[Stored data entries]
:::
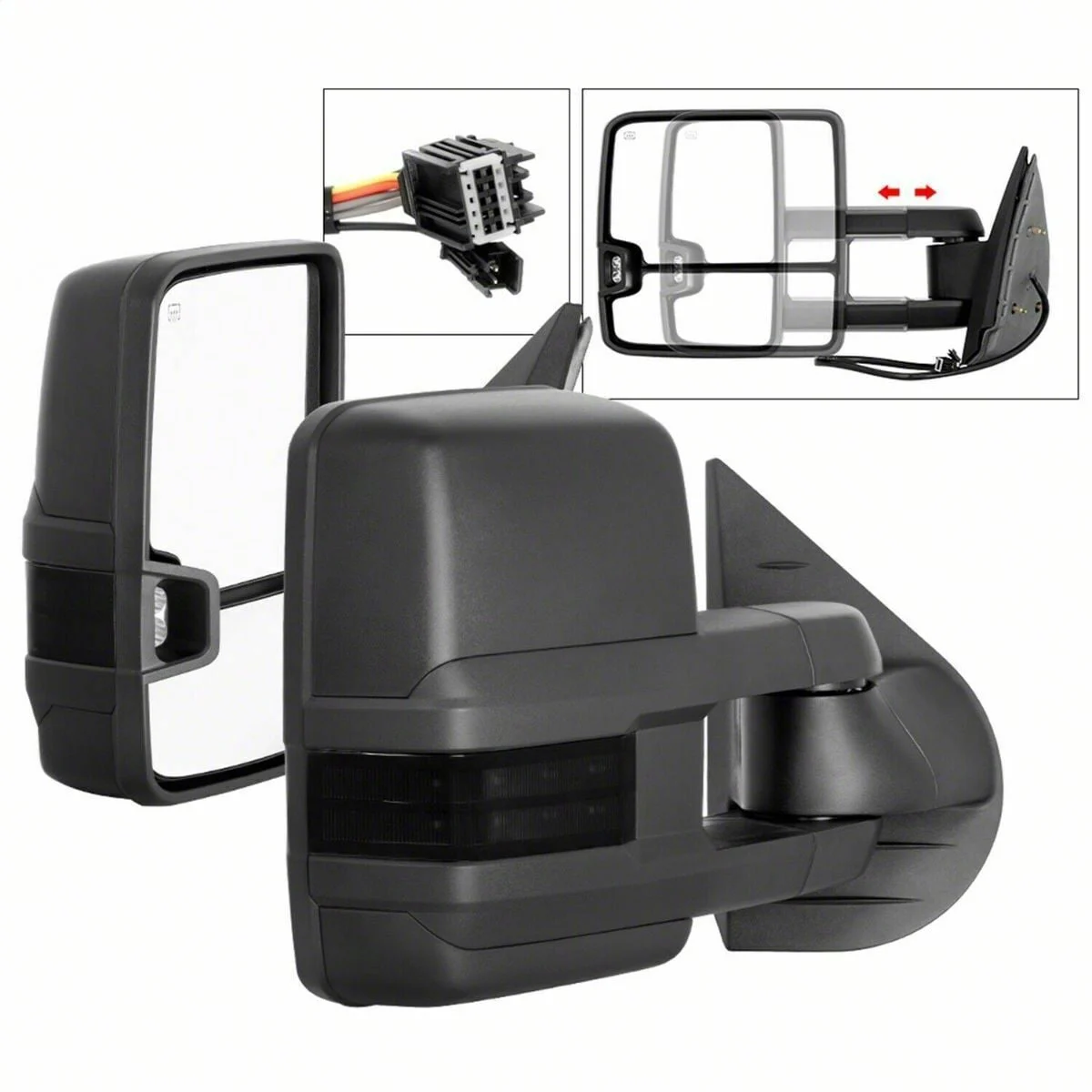 G2 Powered Heated Telescoping Mirrors with Smoked LED Turn Signals (07-14 Silverado 3500 HD)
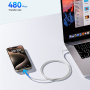 WEKOME WDC-21 fonott töltő- és adatkábel - USB-C - Lightning - 1 m - lila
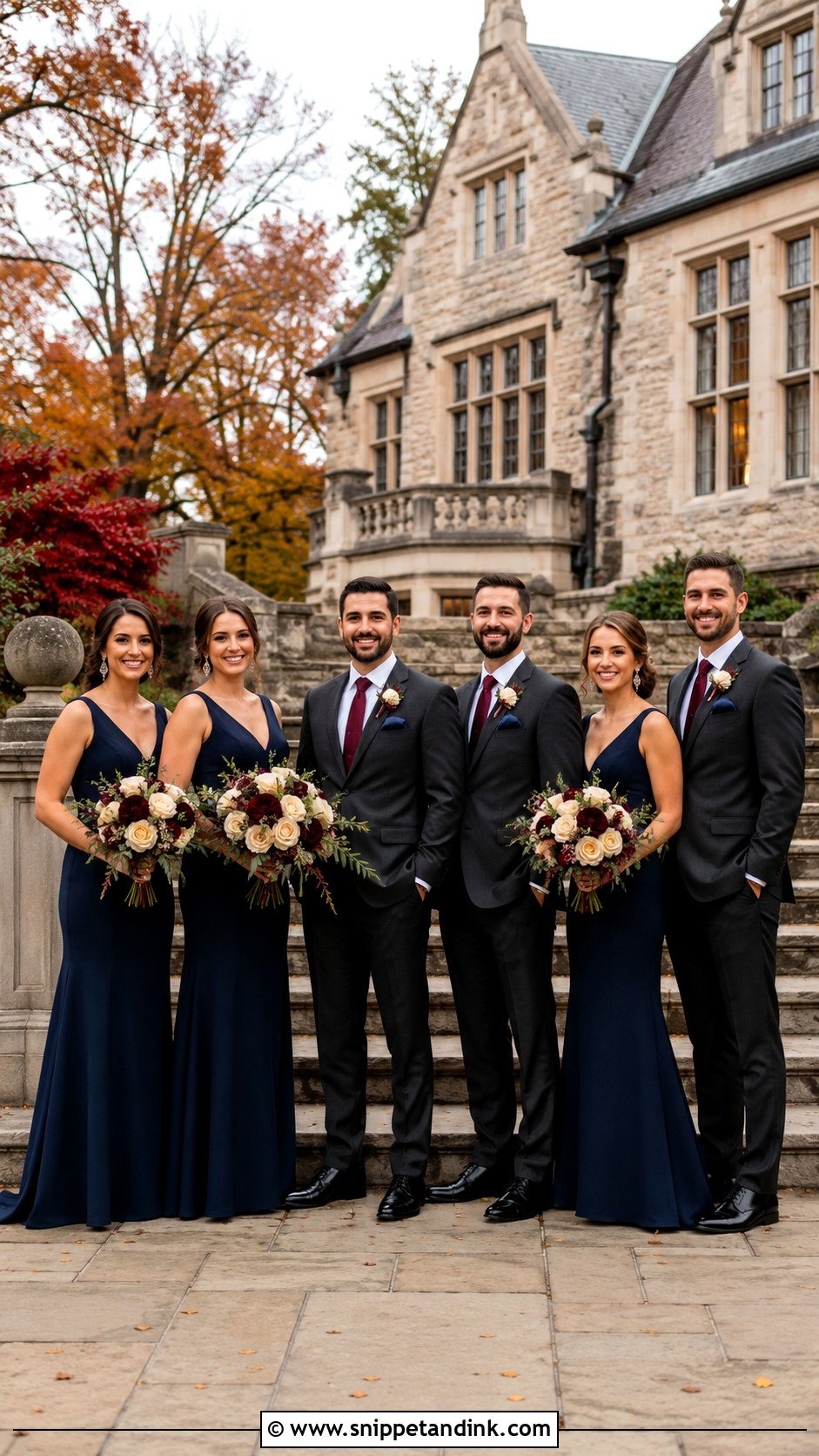 Navy And Burgundy Bridal Party - Snippet and Ink - 20 Navy Bridal Parties Ideas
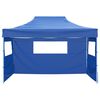 vidaXL Foldable Tent with 3 Walls 3x4.5 m Blue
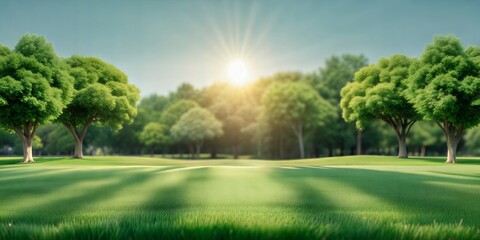 Obraz premium Sunny Lawn with Trees and Copy Space Blur: A bright, sunlit blurred background of a neatly trimmed lawn surrounded by lush green trees, with a large area of clear sky ideal for adding text or images. 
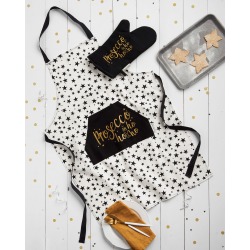 Cotton Traders Women's Prosecco Ho Ho Ho Apron and Oven Glove Set in Black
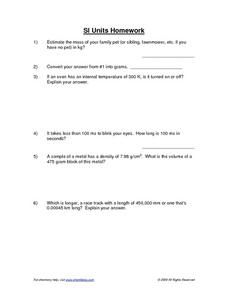 SI Units Worksheet for 8th - 10th Grade | Lesson Planet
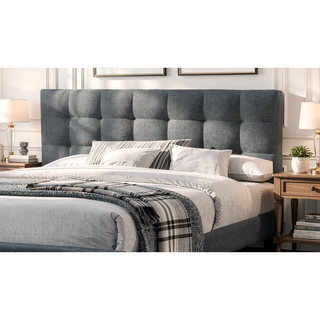 Sunvega Modern Light Gray Upholstered Tufted Headboard California King Platform Bed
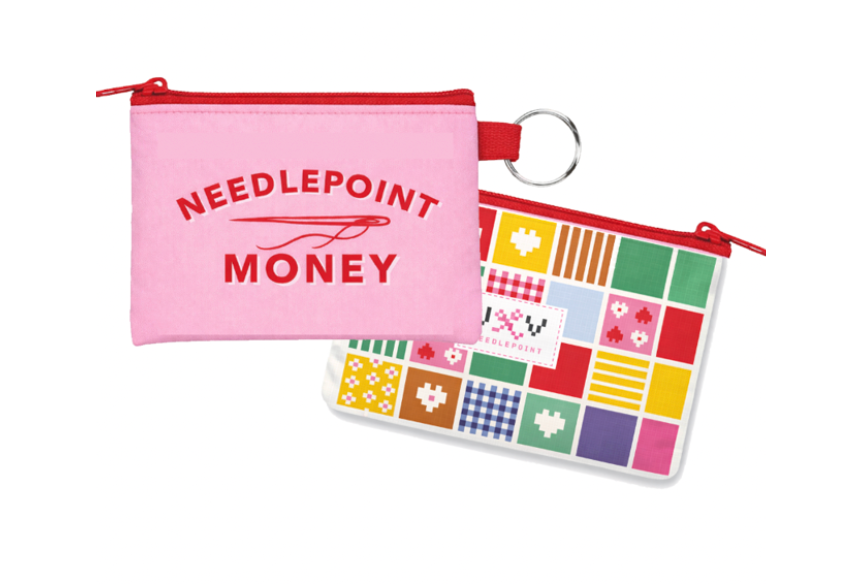 Needlepoint Money Coin Purse Keychain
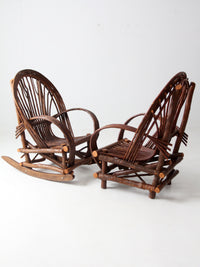 vintage Adirondack bent willow chair and rocker pair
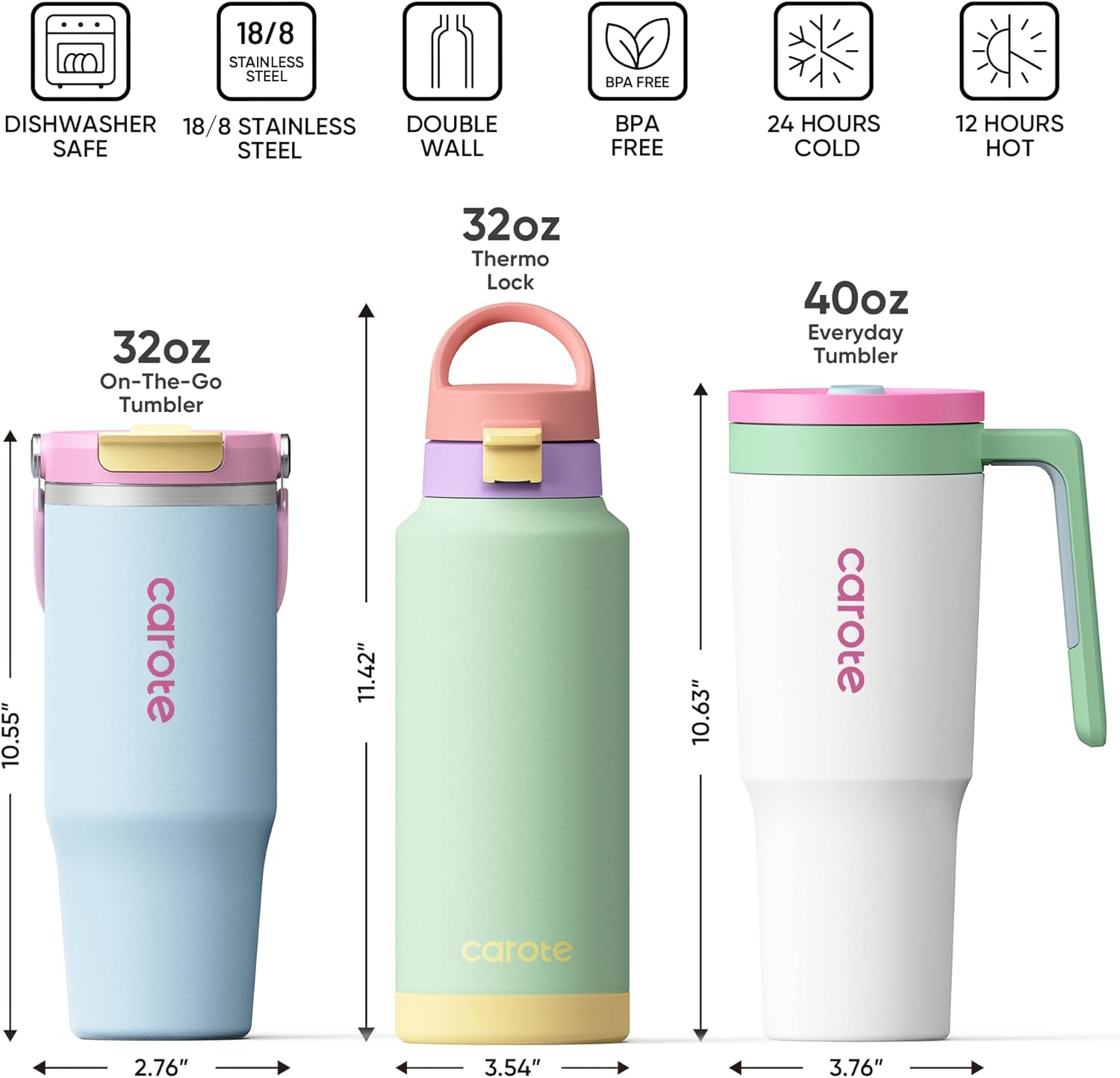 CAROTE 3-Pack Insulated Stainless Steel Water Bottles with Upgraded Leakproof Tech, Car Holder Fit & Scratch-Resistant, 32/32/40 oz Travel Straw Tumblers Set for Home/Car/Outdoor (Macaron)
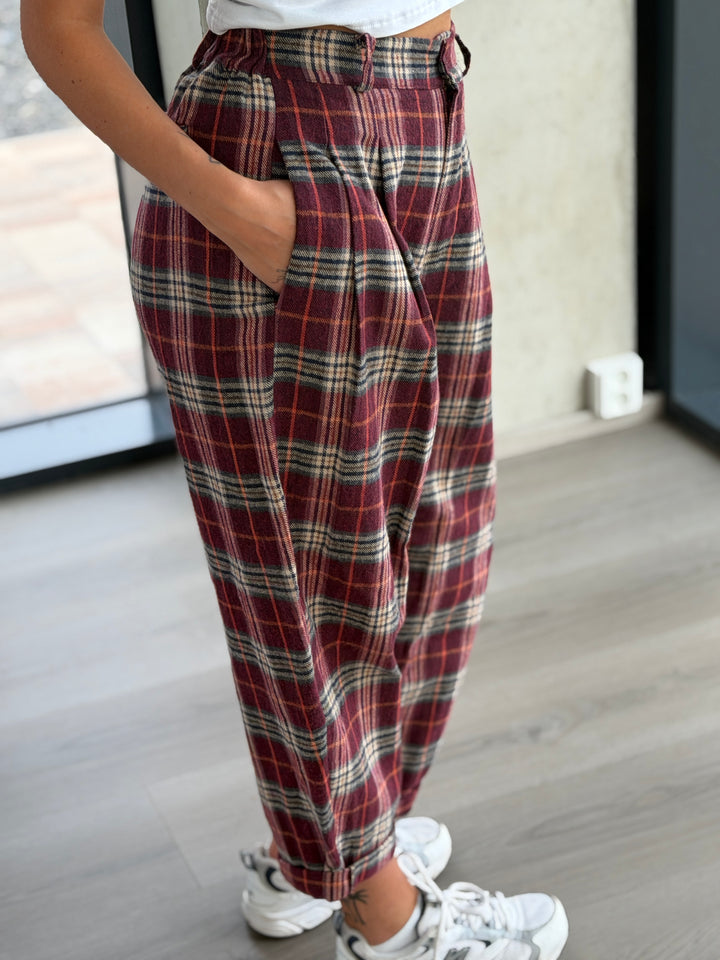 Nohavice Cherry Plaid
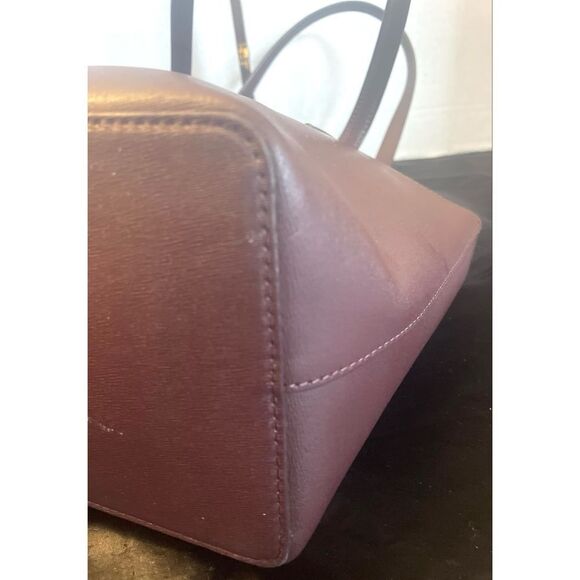 Kate Spade Raspberry Chocolate Leather Small Tote Shoulder Bag Turnlock Closure - Picture 10 of 15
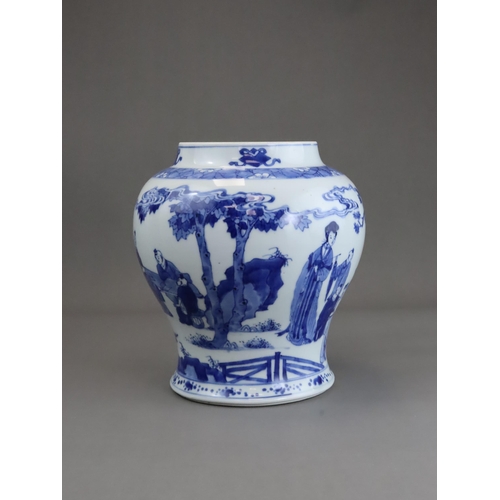 98 - A Blue and White Jar with Boys Playing, Kangxi of baluster form, the sides finely painted in rich bl... 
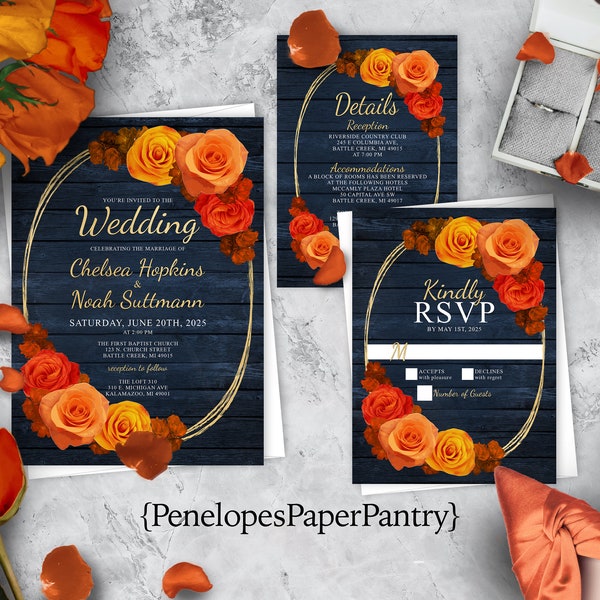 Rustic Navy Floral Fall Wedding Invitation,Floral Fall Wedding Invite,Navy Barn Wood,Orange Roses,Gold Print,Oval Frame,Shimmery Invitation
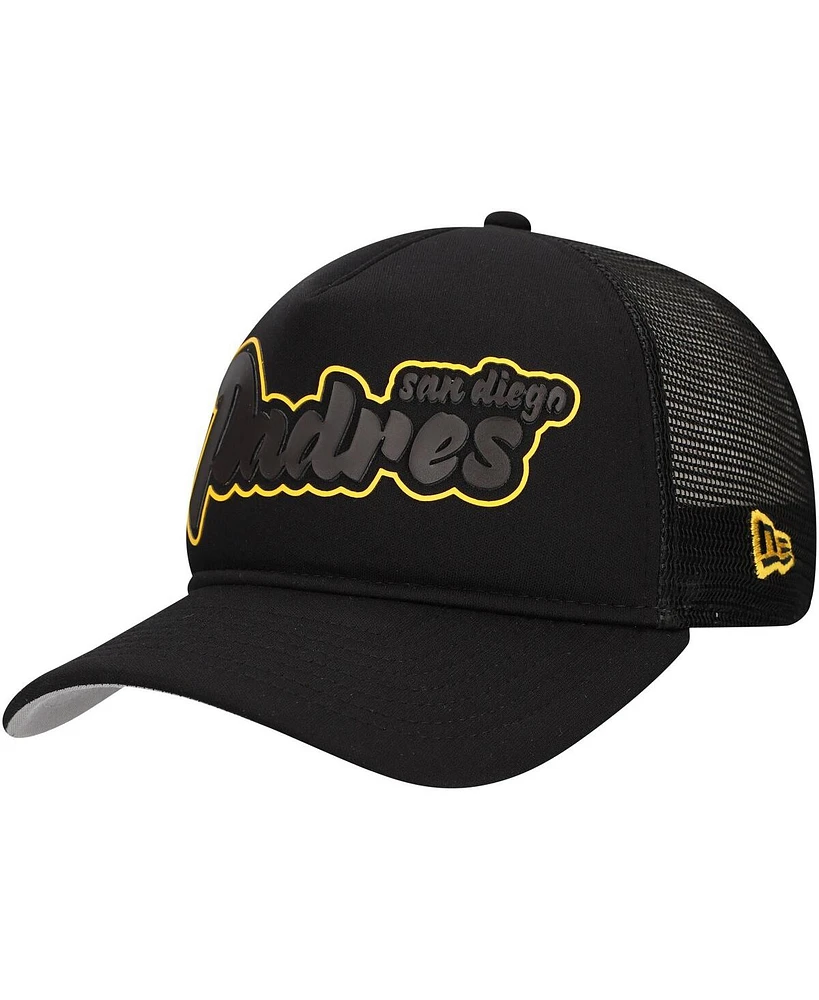 New Era Men's Black San Diego Padres Retro Bold A-Frame Trucker 9FORTY Adjustable Hat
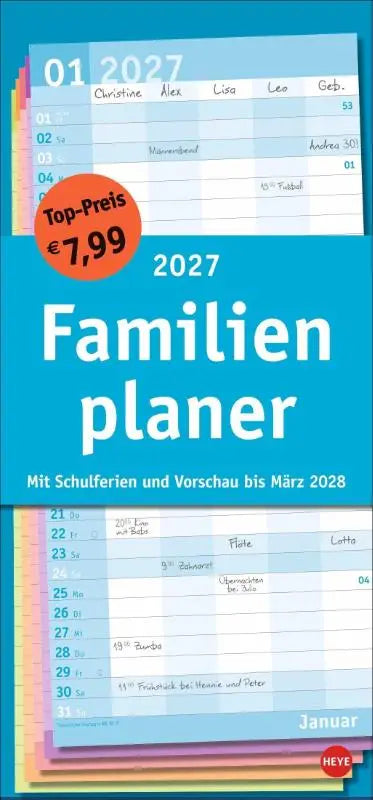 Helderblauwe basic familienplaner 2027 met praktische wandkalender en kleurrijk gestapeld kalenderontwerp en duitse tekst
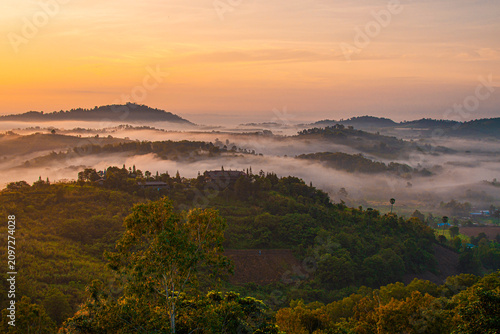 Landscape photograph, a key viewpoint of Khao Kho: morning sea of ​​mist at Khao Kho National Park, Phetchabun Province, Thailand.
:::
What the exercise asks: Please output every record above exactly. Leave the pictures out.

Answer section:
 G2 Powered Heated Telescoping Mirrors with Smoked LED Turn Signals (07-14 Silverado 3500 HD)
 WEKOME WDC-21 fonott töltő- és adatkábel - USB-C - Lightning - 1 m - lila
 Navy And Burgundy Bridal Party - Snippet and Ink - 20 Navy Bridal Parties Ideas
 vidaXL Foldable Tent with 3 Walls 3x4.5 m Blue
 Obraz premium Sunny Lawn with Trees and Copy Space Blur: A bright, sunlit blurred background of a neatly trimmed lawn surrounded by lush green trees, with a large area of clear sky ideal for adding text or images. 
 Cotton Traders Women's Prosecco Ho Ho Ho Apron and Oven Glove Set in Black
 SI Units Worksheet for 8th - 10th Grade | Lesson Planet
 Sunvega Modern Light Gray Upholstered Tufted Headboard California King Platform Bed
 Needlepoint Money Coin Purse Keychain
 vintage Adirondack bent willow chair and rocker pair
 CAROTE 3-Pack Insulated Stainless Steel Water Bottles with Upgraded Leakproof Tech, Car Holder Fit & Scratch-Resistant, 32/32/40 oz Travel Straw Tumblers Set for Home/Car/Outdoor (Macaron)
 Nohavice Cherry Plaid
 Kate Spade Raspberry Chocolate Leather Small Tote Shoulder Bag Turnlock Closure - Picture 10 of 15
 98 - A Blue and White Jar with Boys Playing, Kangxi of baluster form, the sides finely painted in rich bl... 
 Rustic Navy Floral Fall Wedding Invitation,Floral Fall Wedding Invite,Navy Barn Wood,Orange Roses,Gold Print,Oval Frame,Shimmery Invitation
 New Era Men's Black San Diego Padres Retro Bold A-Frame Trucker 9FORTY Adjustable Hat
 Helderblauwe basic familienplaner 2027 met praktische wandkalender en kleurrijk gestapeld kalenderontwerp en duitse tekst
 Landscape photograph, a key viewpoint of Khao Kho: morning sea of ​​mist at Khao Kho National Park, Phetchabun Province, Thailand.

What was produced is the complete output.